What you need to do: Repeat exactly, and only, the lines from the one containing "this 683×1024 image." through the last line of the data below.

Provided data:
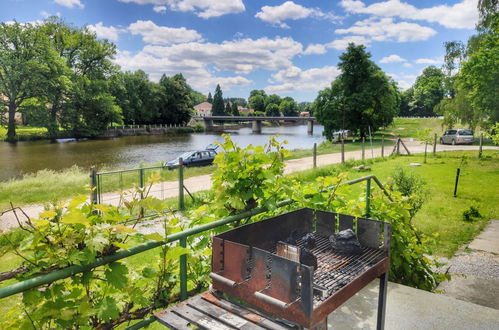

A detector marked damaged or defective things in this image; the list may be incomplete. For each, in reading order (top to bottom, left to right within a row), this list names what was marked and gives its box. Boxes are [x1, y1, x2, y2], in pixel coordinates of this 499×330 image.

rusty barbecue grill [210, 208, 390, 328]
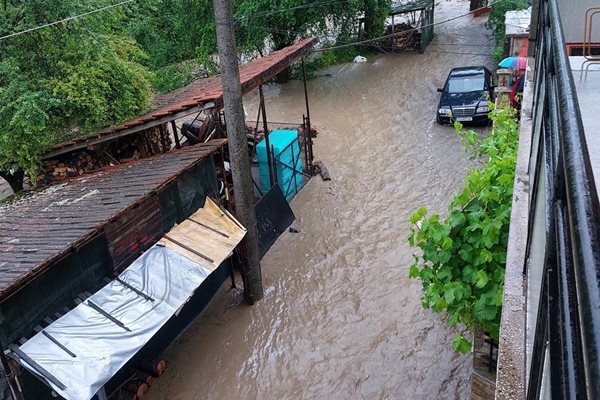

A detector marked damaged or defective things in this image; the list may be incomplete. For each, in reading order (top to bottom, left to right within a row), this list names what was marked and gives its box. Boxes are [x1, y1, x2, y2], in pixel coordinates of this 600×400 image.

rusty metal roof [42, 38, 318, 159]
damaged roof [43, 38, 318, 159]
rusty metal roof [0, 139, 227, 302]
damaged roof [0, 139, 227, 302]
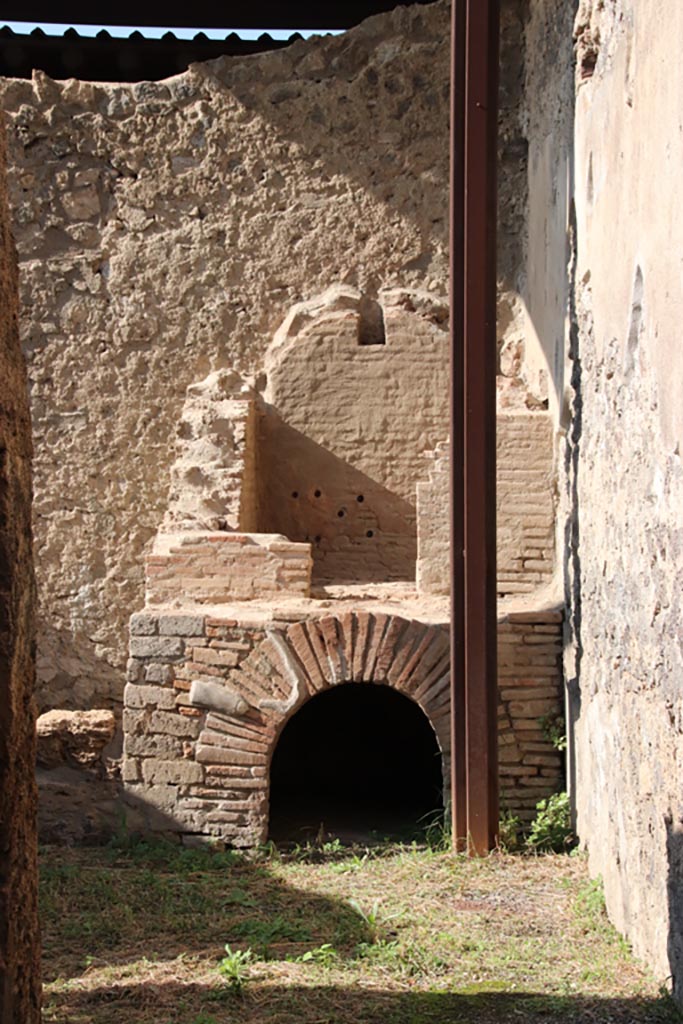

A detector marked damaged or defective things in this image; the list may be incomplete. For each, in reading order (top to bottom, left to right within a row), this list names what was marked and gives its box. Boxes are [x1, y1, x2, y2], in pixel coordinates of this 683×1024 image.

rusty metal pole [452, 0, 500, 852]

Answer box:
A detector marked damaged or defective things in this image; the list may be incomplete. For each, in reading order (top to bottom, left to right within a row), this list names what was marked and gives its box. Boxes are [x1, y1, x2, y2], in pixel coordinates of this 683×1024 image.

rusty metal pole [452, 0, 500, 852]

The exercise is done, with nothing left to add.